[Saved data entries]
++++++

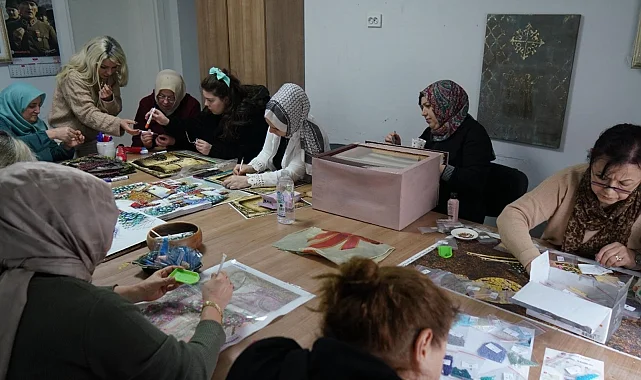 Kadınların sosyal gücü Manyas'ta merkezle büyüyor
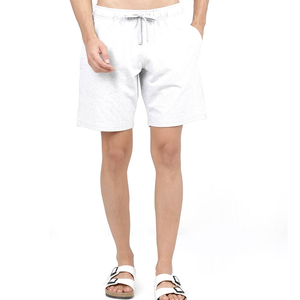Shorts de sport professionnels pour hommes, conçus pour une activité physique intense et un confort durable. - Product Image 1
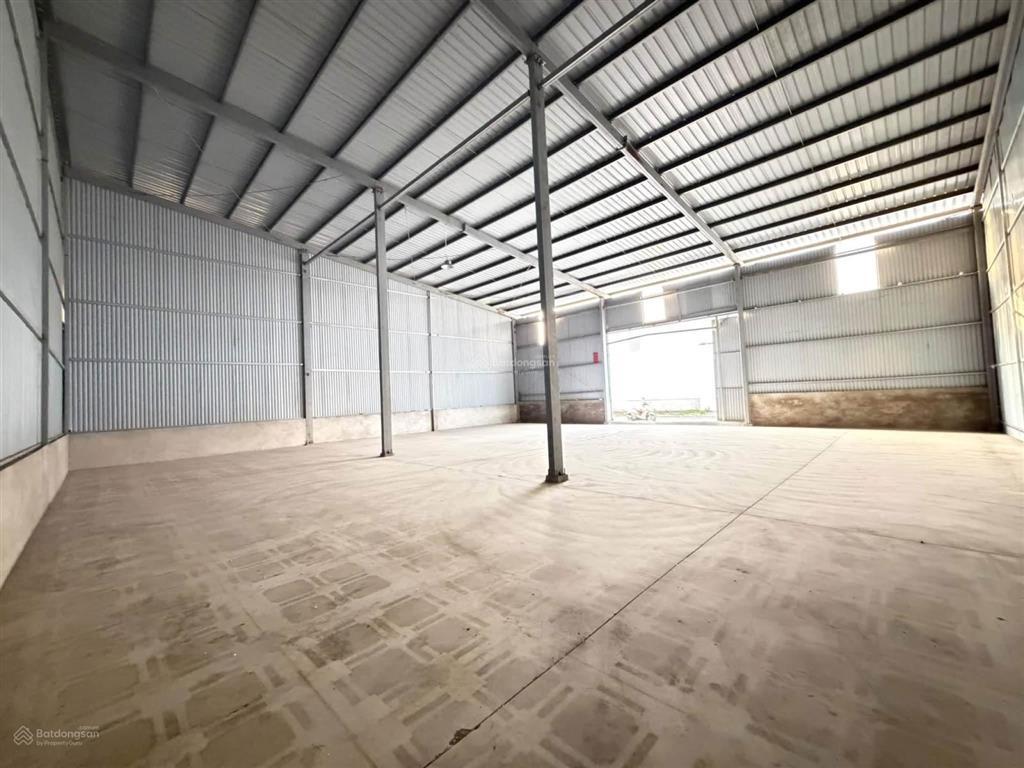 Cho thuê 250m2 kho xưởng tại khu đất dịch vụ lại yên, gần trục đường 3.5, xưởng mới dựng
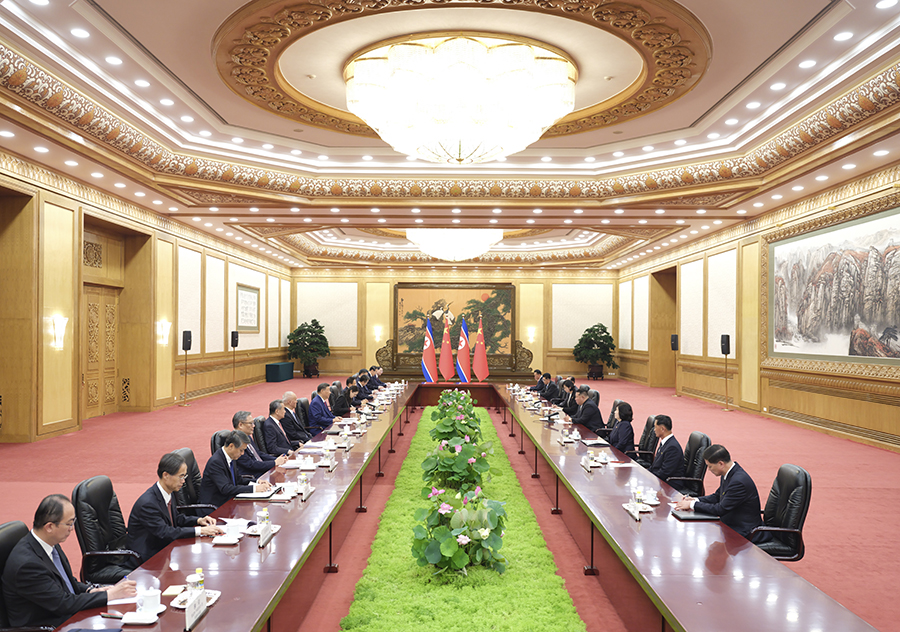 9月4日晚，中共中央總書記、國(guó)家主席習(xí)近平在北京人民大會(huì)堂同來華出席紀(jì)念中國(guó)人民抗日戰(zhàn)爭(zhēng)暨世界反法西斯戰(zhàn)爭(zhēng)勝利80周年活動(dòng)的朝鮮勞動(dòng)黨總書記、國(guó)務(wù)委員長(zhǎng)金正恩舉行會(huì)談。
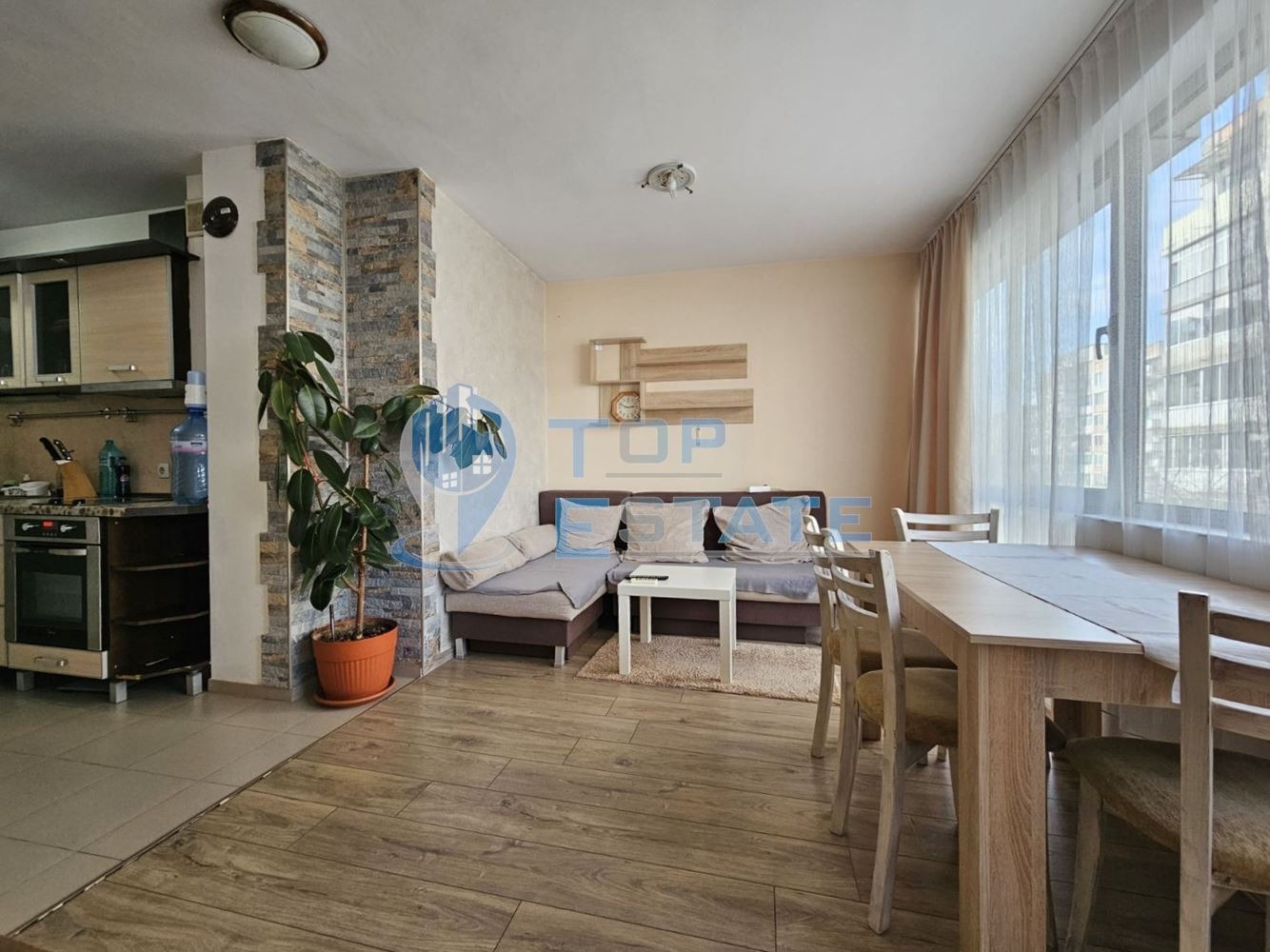 Дава под наем 2-СТАЕН, гр. Велико Търново, Колю Фичето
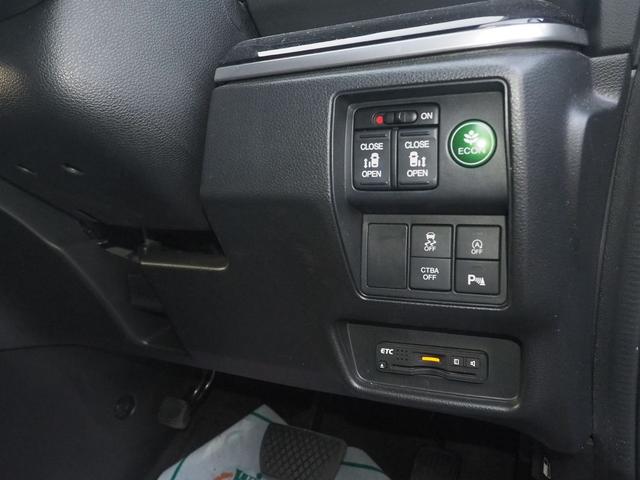 オデッセイ アブソルート　純正ナビ　フリップダウンモニター　両側電動ドア　７人　スマートキー　ハーフレザーシート　ＬＥＤライト　純正１８インチアルミ　Ｂｌｕｅｔｏｏｔｈ　ＨＤＭＩ　ＵＳＢ　ＤＶＤ　全周囲カメラ　クルコン　衝突軽減ブレーキ　横滑り防止　ＥＴＣ　名古屋仕入　禁煙（24枚目）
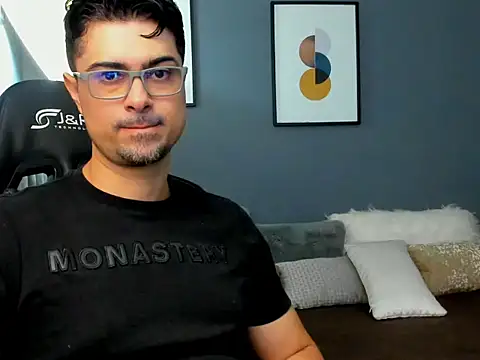 Snapshot of ZEI-001 chatting on May 29, 2026, 1:11 am ZEI-001 online show from May 29, 2026, 1:11 am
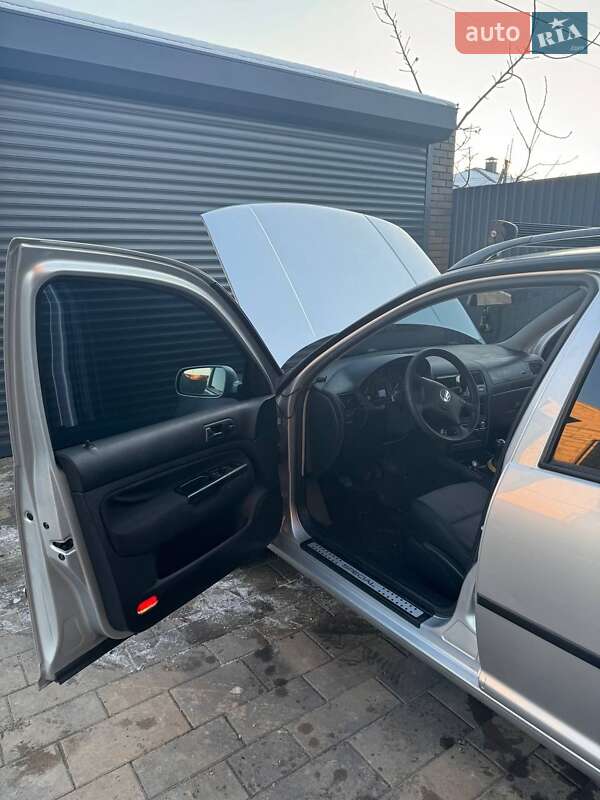 Універсал Volkswagen Golf 2002 в Цумані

++++++

Assignment
For every entry above, please output the text exactly and leave any picture behind.

Result of this exercise
 Kadınların sosyal gücü Manyas'ta merkezle büyüyor
Shorts de sport professionnels pour hommes, conçus pour une activité physique intense et un confort durable. - Product Image 1
 Cho thuê 250m2 kho xưởng tại khu đất dịch vụ lại yên, gần trục đường 3.5, xưởng mới dựng
 9月4日晚，中共中央總書記、國(guó)家主席習(xí)近平在北京人民大會(huì)堂同來華出席紀(jì)念中國(guó)人民抗日戰(zhàn)爭(zhēng)暨世界反法西斯戰(zhàn)爭(zhēng)勝利80周年活動(dòng)的朝鮮勞動(dòng)黨總書記、國(guó)務(wù)委員長(zhǎng)金正恩舉行會(huì)談。
 Дава под наем 2-СТАЕН, гр. Велико Търново, Колю Фичето
 オデッセイ アブソルート　純正ナビ　フリップダウンモニター　両側電動ドア　７人　スマートキー　ハーフレザーシート　ＬＥＤライト　純正１８インチアルミ　Ｂｌｕｅｔｏｏｔｈ　ＨＤＭＩ　ＵＳＢ　ＤＶＤ　全周囲カメラ　クルコン　衝突軽減ブレーキ　横滑り防止　ＥＴＣ　名古屋仕入　禁煙（24枚目）
 Snapshot of ZEI-001 chatting on May 29, 2026, 1:11 am ZEI-001 online show from May 29, 2026, 1:11 am
 Універсал Volkswagen Golf 2002 в Цумані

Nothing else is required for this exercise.